In the upcoming months, Dr. Dutta will be giving a presentation titled “Microcircuit Design for Real-Time Data Acquisition and Neuromuscular Control of Insect Motion” at the Cognitive Computational Neuroscience Conference in September of 2018, in Philadelphia, Pennsylvania. This presentation discusses a framework for an accessible device that would enable the control of advanced cyborg insects that would overcome current technological limitations that plague today’s micro-robots. This work has received attention from Governor Malloy and President Herbst.
Dr. Dutta has also recently submitted a paper titled “Robust Design of a Multirotor Aerial Vehicle” to the journal IEEE Transactions on Cybernetics. This paper introduces the methodology of systematic robust design of multi-rotor vehicles. Robustness in aerial vehicles is highly desirable as it guarantees a desired level of performance, even when there are environmental uncertainties present. Thus far, robustness has been considered in terms of active control in the space of multi-rotor vehicles, without exploring the design space itself. In this work, a conceptual design followed by a robust design is performed to come up with the specifications that lead to least uncertain performance of the multi-rotor vehicle, with respect to stochastic wind disturbances.

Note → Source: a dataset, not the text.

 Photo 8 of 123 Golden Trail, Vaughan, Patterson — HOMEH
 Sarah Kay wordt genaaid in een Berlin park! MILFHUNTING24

Evan Faulkner, a Junior undergraduate student majoring in Electrical Engineering is working on a project titled “Micro-circuit design for modeling and control of insects” under Dr. Dutta. He will also advise two other students working on projects this summer: Nicholas Gorbenko, a Senior undergraduate student majoring in Electrical Engineering, who is working on a project titled “Cultured Neural Networks for Robot Control”, and Hossein Hamidi, a PhD student in Electrical Engineering, who is working on “Modeling and control of neuromuscular dynamics”.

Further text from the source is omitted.